Accelerated learning is not intended to provide remediation. It’s meant to build on previous skills, so students are prepared for new learning. As the Michigan Department of Education explains, “accelerated learning focuses on preparing students for success with upcoming new learning and lays the foundation for continued academic growth. Remediation… delays opportunities to learn new content until students have mastered all missing skills and concepts…”

Accelerated learning requires high expectations for all students. It’s not meant to cram in fact after fact or research every nuance of a subject. Instead, learners are encouraged to concentrate only on essential skills and content for each unit. It aligns classroom support with grade-level classroom instruction by employing a variety of techniques.

Each of the following are great ways to implement accelerated learning.

Create a positive learning environment.

Accelerated learning requires first and foremost, a positive learning environment. From day one, teachers should help students to feel welcome, safe, and important. Any disruptive behavior or criticism (of others or oneself) should not be tolerated.

Students should also regularly be encouraged to participate in small and large group discussions and activities to nurture community and positivity.

Break down content into manageable “chunks.”

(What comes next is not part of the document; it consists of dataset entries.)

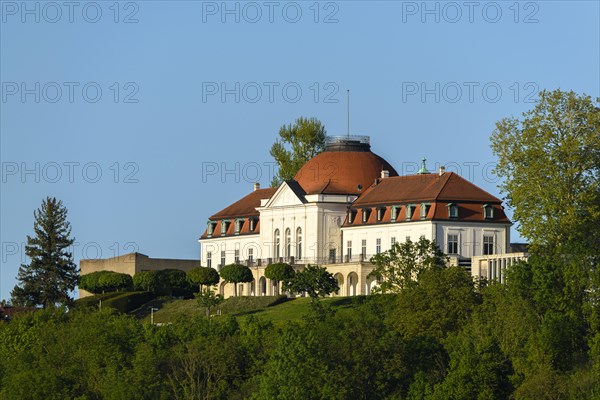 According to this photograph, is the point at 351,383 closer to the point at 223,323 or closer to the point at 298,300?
the point at 223,323

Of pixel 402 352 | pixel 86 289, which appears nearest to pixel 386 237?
pixel 86 289

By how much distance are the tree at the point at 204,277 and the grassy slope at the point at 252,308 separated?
2555mm

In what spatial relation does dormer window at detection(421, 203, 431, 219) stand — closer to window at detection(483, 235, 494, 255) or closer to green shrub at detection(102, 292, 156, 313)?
window at detection(483, 235, 494, 255)

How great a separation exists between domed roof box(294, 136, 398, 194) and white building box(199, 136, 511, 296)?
0.07m

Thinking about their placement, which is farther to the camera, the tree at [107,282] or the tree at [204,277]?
the tree at [107,282]

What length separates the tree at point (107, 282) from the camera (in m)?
152

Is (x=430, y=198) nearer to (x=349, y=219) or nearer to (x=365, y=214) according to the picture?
(x=365, y=214)

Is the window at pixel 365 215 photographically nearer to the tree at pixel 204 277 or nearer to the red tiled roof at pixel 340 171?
the red tiled roof at pixel 340 171

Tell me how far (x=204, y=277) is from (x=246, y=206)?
1064 cm

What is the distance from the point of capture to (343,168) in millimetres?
151250

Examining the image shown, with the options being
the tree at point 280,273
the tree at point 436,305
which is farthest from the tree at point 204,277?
the tree at point 436,305

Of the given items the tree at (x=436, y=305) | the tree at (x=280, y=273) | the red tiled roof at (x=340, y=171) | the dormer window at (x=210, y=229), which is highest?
the red tiled roof at (x=340, y=171)

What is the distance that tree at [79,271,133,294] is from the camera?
15212cm

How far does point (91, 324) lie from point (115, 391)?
41.8 feet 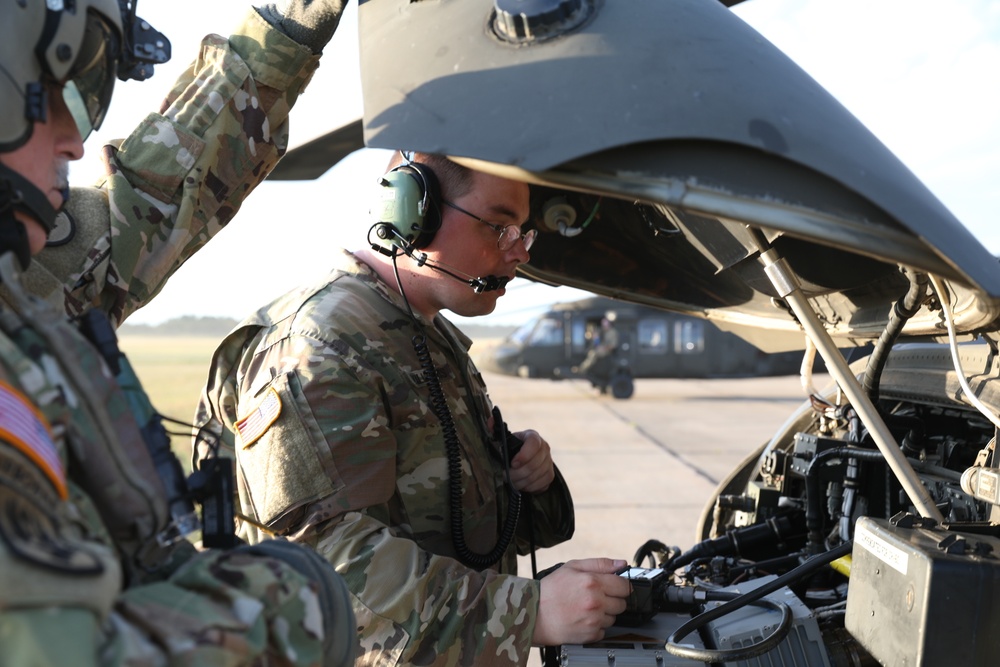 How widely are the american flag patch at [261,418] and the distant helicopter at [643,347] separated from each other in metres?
16.2

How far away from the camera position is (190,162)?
171 centimetres

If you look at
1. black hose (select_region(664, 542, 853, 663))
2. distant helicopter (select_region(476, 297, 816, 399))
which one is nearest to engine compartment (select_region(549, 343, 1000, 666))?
black hose (select_region(664, 542, 853, 663))

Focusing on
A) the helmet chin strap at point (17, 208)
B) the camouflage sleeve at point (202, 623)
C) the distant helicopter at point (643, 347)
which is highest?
the helmet chin strap at point (17, 208)

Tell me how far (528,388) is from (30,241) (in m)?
18.7

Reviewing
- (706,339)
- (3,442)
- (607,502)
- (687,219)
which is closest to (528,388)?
(706,339)

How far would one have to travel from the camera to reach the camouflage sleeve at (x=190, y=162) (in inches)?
64.4

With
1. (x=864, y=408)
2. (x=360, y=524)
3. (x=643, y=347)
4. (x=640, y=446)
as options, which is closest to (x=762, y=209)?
(x=864, y=408)

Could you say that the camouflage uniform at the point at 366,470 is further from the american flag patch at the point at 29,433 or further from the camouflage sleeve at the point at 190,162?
the american flag patch at the point at 29,433

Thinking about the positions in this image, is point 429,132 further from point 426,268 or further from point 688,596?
point 688,596

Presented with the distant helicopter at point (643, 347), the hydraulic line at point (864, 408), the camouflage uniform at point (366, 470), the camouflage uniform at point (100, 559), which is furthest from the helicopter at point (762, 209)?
the distant helicopter at point (643, 347)

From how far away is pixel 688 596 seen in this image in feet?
6.29

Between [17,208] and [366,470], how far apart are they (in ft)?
2.78

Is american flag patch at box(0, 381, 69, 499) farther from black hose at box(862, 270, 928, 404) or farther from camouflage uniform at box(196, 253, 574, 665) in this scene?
black hose at box(862, 270, 928, 404)

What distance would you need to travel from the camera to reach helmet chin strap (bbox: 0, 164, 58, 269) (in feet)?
3.18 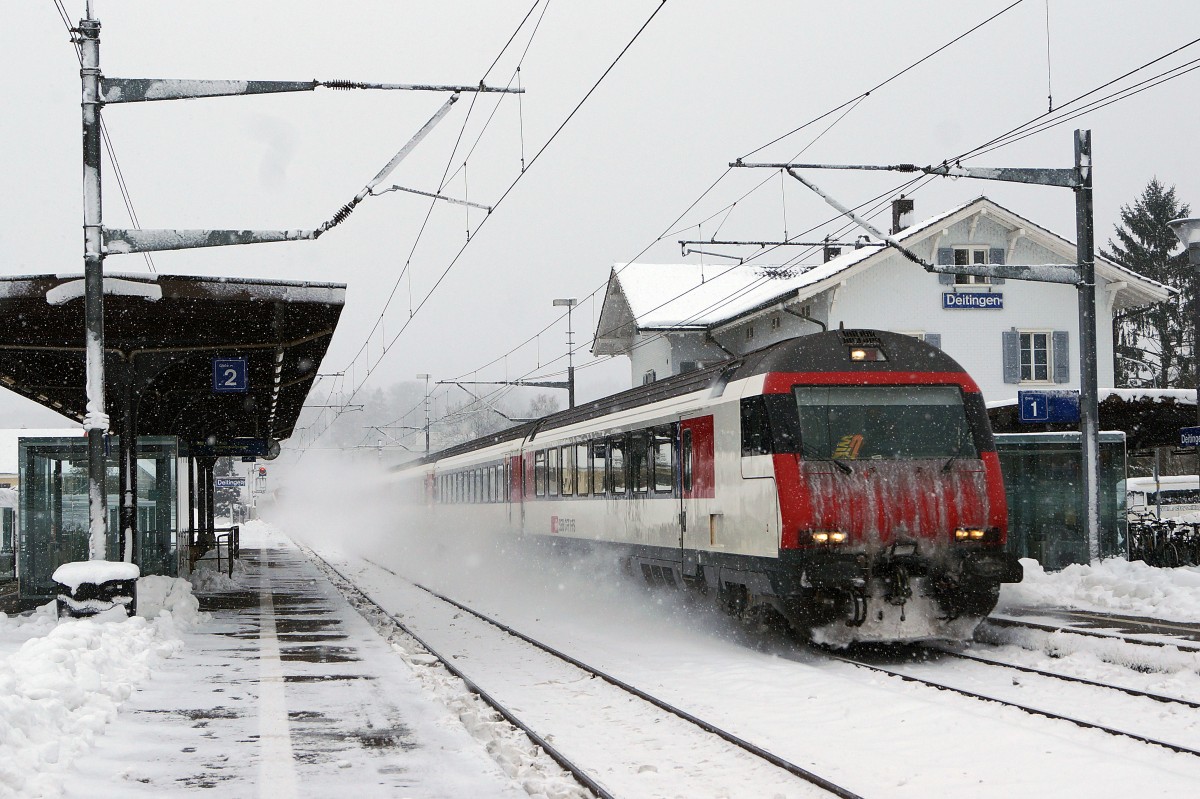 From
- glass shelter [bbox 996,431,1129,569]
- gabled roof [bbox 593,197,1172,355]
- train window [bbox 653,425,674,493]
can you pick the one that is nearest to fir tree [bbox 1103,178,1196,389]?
gabled roof [bbox 593,197,1172,355]

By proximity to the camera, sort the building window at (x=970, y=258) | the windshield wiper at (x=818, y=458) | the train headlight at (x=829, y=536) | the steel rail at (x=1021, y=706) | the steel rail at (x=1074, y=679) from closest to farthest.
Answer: the steel rail at (x=1021, y=706) < the steel rail at (x=1074, y=679) < the train headlight at (x=829, y=536) < the windshield wiper at (x=818, y=458) < the building window at (x=970, y=258)

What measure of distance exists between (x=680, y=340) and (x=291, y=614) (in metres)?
22.8

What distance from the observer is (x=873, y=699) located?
9.64 meters

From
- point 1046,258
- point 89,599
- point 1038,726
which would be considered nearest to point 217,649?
point 89,599

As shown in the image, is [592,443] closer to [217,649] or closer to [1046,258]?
[217,649]

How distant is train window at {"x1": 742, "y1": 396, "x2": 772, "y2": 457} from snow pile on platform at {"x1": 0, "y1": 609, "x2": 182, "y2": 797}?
5657 millimetres

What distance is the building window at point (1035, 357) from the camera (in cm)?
3306

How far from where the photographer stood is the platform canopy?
1341 centimetres

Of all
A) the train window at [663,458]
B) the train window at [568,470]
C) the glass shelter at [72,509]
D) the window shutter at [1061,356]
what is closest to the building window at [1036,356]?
the window shutter at [1061,356]

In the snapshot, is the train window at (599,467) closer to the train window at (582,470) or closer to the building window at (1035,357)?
the train window at (582,470)

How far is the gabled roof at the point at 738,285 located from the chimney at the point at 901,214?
3016 mm

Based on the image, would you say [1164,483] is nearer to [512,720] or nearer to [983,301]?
[983,301]

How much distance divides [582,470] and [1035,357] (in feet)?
61.6

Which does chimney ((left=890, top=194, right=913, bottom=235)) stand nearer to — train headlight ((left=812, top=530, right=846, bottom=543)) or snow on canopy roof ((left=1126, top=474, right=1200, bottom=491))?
snow on canopy roof ((left=1126, top=474, right=1200, bottom=491)) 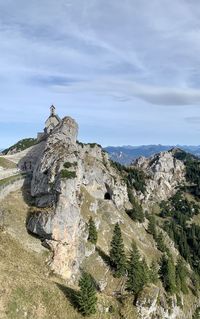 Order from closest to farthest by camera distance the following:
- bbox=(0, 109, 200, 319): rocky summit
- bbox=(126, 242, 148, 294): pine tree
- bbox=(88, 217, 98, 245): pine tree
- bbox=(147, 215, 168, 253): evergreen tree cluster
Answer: bbox=(0, 109, 200, 319): rocky summit < bbox=(126, 242, 148, 294): pine tree < bbox=(88, 217, 98, 245): pine tree < bbox=(147, 215, 168, 253): evergreen tree cluster

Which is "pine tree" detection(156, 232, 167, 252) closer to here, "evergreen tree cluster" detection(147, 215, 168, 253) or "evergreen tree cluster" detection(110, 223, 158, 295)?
"evergreen tree cluster" detection(147, 215, 168, 253)

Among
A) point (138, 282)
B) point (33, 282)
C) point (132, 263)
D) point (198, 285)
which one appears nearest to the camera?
point (33, 282)

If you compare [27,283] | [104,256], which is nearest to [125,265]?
[104,256]

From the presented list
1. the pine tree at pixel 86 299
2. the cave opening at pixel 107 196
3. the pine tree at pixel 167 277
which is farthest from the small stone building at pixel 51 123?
the pine tree at pixel 86 299

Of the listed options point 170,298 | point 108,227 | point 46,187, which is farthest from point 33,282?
point 170,298

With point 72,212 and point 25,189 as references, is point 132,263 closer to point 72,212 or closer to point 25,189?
point 72,212

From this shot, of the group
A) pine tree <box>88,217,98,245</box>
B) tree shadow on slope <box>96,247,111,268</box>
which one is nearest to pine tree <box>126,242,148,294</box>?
tree shadow on slope <box>96,247,111,268</box>

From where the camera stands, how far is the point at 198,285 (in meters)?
173

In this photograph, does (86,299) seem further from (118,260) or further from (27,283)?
Result: (118,260)

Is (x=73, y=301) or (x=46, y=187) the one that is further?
(x=46, y=187)

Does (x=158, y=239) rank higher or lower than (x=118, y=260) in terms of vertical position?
lower

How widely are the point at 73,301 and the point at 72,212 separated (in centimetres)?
2480

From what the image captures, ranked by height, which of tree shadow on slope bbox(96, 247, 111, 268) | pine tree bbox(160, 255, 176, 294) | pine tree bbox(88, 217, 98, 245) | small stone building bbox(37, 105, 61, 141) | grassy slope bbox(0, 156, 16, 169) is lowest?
pine tree bbox(160, 255, 176, 294)

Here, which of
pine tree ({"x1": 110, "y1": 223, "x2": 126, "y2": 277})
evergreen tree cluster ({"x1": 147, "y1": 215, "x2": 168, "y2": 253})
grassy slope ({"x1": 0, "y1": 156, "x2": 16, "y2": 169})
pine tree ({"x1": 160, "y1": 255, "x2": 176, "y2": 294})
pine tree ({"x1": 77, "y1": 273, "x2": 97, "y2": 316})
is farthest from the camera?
evergreen tree cluster ({"x1": 147, "y1": 215, "x2": 168, "y2": 253})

Learning just a few skills or new ideas is easier than being presented with many new skills and ideas. By breaking content into more manageable chunks of information, students can more quickly grasp the concepts and move on.

It’s easier to set goals in this way and keep track of student progress with more frequent checkpoints. Furthermore, teachers can provide scaffolding supports before students get too lost or confused.

Create opportunities for active learner involvement.

To foster a more engaging and active learning environment, teachers can use a number of multi-sensory techniques including:

  • Debating
  • Role-Playing
  • Field Trips
  • Mind Mapping
  • Group Discussions
  • Games
  • Problem Solving Activities

Give students something to do beyond just sitting, listening, or reading.

Create opportunities for real world application of skills and content.

Applying the skills and content students have learned is one of the most powerful ways to measure their mastery over such information. According to 321Insight, “research tells us that in order to generalize new skills from a teaching situation to real life, students have to have meaningful and real life opportunities to use those skills.” This is an important aspect of ensuring the success of accelerated learning.

Conclusions about Accelerated Learning

Accelerated learning is a promising approach for responding to the losses many students experienced as a result of the Covid pandemic. It can help minimize inequities between school districts, as well as among students in a classroom. Unlike remedial work, this approach to learning is intended to help all students equally and hold them each to high, grade-level standards.

Accelerating learning can help improve student outcomes more quickly and more efficiently than traditional approaches to learning and should be considered by any school district interested in being a force of change.